Reykjavik Jazz Festival 2004
This is an Icelandic cave? This lava-created hole is a "featured" attraction during one of the many day tours sold by various tour organizations in Reykjavik. Not recommended (try the Golden Circle if time is short).
To put my Iceland day in another short, concise perspective: I fell in the mud walking into a small volcanic hole by the side of a road, stopped briefly at a horse riding school, took a walk with a local storyteller around a suburban block and got dropped off in a not-quite-open-yet restaurant with a piece of bread and an hour-long wait for my shuttle back to the center of town.
The good news, which I don't realize as I shower and change my mud-soaked clothes, is the festival is about to do some serious next-level stuff. Not necessarily in terms of artistic talent, but the names, crowds and presentation make the first two days feel like a warm-up act. It may be that the package tours feature the Friday and Saturday events, or just that Icelanders are great weekend warriors. Either way an interesting chance of pace is in store, not to mention that stupid-yet-smug feeling of being one of the "true" devotees who's doing the entire festival.
The moment I walk into the still nearly empty ballroom at the Hotel Saga it's clear tonight's a different animal than what I thought was a decent well-attended performance Thursday by the Rodriguez Brothers Latin Jazz Quintet. For starters, there are name tags and elaborate place settings at the tables. I'm going to be writing, not eating, so I don't bother looking for mine and drop my gear on one of the overflow seats - something else not there the night before.
A crowd of maybe 500 people - roughly triple Thursday's - packs the room during the next hour and there's some noticeable differences there as well. The first two days featured audiences largely uninterested in diversions like food and conversation; tonight nearly everyone is dining and many are dressed up for the occasion, save a number of casually outfitted folks who appear to be obvious imports participating in the package tour.
Bass Encounters, featuring acoustic bassists Arni Egilsson (left), Niels Henning Orsted (center) and Wayne Darling play one of the featured concerts at the Hotel Saga during the 2004 Reykjavik Jazz Festival.
What they get is one of the better and intriguing performances of the festival so far by Bass Encounters, consisting of three upright acoustic bassists backed by a piano/drums combo. Their mix of compositions, tonal collaborations and individual solo styles makes nearly every song feel fresh even when the playing isn't top end.
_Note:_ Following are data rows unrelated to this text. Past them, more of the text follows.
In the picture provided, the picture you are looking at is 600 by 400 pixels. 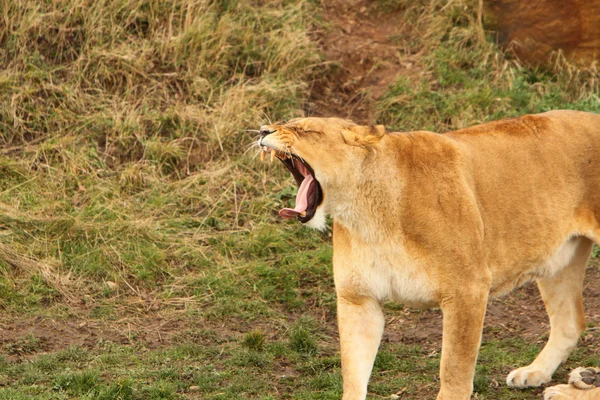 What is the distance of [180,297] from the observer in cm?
695

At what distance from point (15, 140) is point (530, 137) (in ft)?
15.0

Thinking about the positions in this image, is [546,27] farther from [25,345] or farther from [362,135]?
[25,345]

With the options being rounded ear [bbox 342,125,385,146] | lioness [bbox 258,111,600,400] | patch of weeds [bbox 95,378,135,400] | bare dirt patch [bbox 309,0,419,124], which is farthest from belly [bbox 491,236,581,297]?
bare dirt patch [bbox 309,0,419,124]

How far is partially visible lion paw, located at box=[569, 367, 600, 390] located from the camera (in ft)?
17.7

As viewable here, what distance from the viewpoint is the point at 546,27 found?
9242 mm

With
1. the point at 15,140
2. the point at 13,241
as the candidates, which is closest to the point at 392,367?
the point at 13,241

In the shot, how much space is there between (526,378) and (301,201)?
2056 millimetres

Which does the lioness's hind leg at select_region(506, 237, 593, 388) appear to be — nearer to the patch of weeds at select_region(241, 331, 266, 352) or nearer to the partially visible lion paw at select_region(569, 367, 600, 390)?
the partially visible lion paw at select_region(569, 367, 600, 390)

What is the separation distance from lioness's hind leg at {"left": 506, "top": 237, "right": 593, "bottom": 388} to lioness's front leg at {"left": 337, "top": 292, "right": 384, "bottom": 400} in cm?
134

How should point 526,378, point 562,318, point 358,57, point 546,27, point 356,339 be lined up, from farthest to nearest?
point 358,57, point 546,27, point 562,318, point 526,378, point 356,339

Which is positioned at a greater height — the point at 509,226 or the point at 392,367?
the point at 509,226

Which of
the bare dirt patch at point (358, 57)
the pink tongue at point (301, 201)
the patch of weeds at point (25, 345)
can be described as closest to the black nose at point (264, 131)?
the pink tongue at point (301, 201)

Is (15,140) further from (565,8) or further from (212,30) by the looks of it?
(565,8)

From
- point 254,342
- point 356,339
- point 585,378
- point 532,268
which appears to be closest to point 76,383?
point 254,342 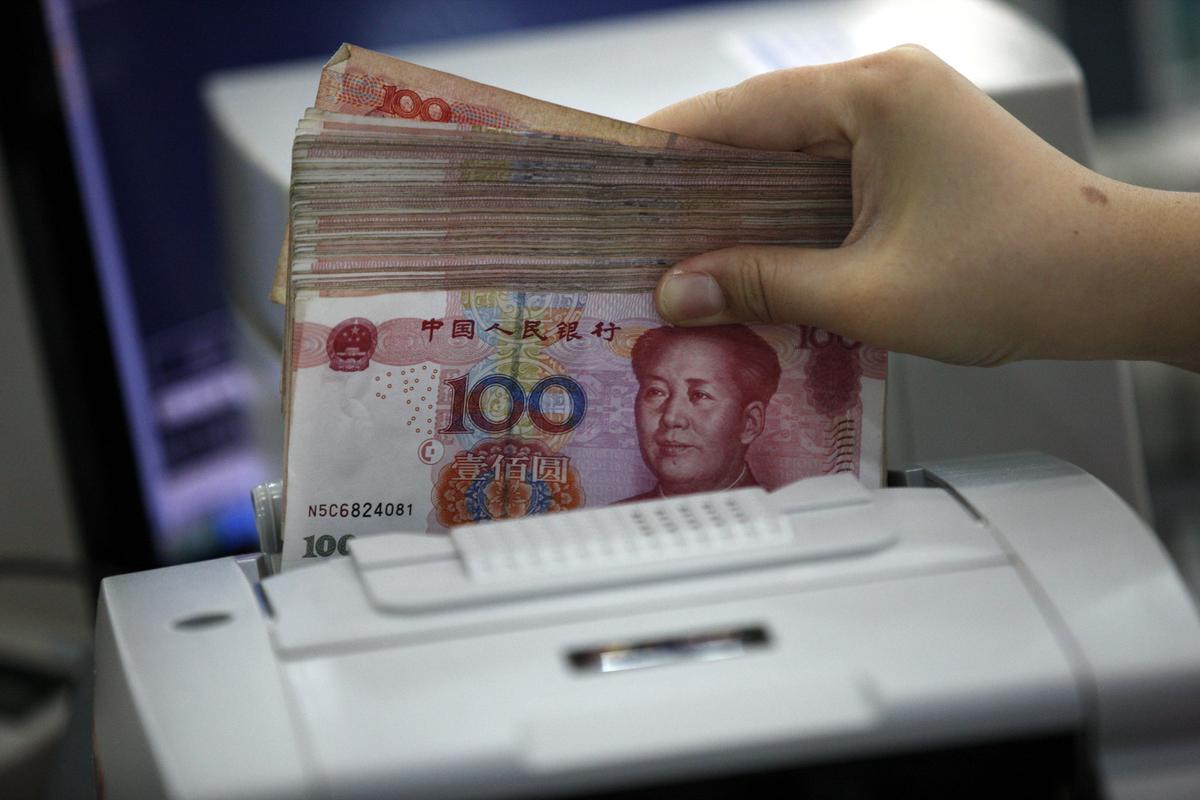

That a diverse mix is in store is readily apparent from the opening two originals by Arni Egilsson, who writes much of the group's material. "Basses Three-Oh" alternates a swing/walking bass and a simple melodic hook, while the following "Whoppie Do, Whoppie Don't" is a get-down funk/fusion jam to a world beat percussion backing. Coming from a group of players somewhat older than many of the youthful contemporary mainstream ensembles featured at the festival, it's both a refreshing and instructive tour of old and new genres.
"I don't want the double bass to die out," says Wayne Darling, who teaches in Vienna and has formed numerous ensembles featuring acclaimed bassists, between sets. "Put it this way - it was never the first instrument a kid would choose."
He says the modernist playing is targeted at audiences, but he also tries injecting a more instructive approach to his songs and teachings when possible.
Harmonizing among the trio, either with or without one playing a lead line, offers a variety of distinct canvases and each has their own soloing style which, at the risk of generalizing a bit, stays pretty consistent. Niels Henning Orsted plays clean, well-spaced and easily accessible phrases; Egilsson's pacing is similar, although his runs tend to be more varied and require more attention to follow; Darling is the rapid-fire guy who lays down the most notes, but is always going places those paying attention can follow.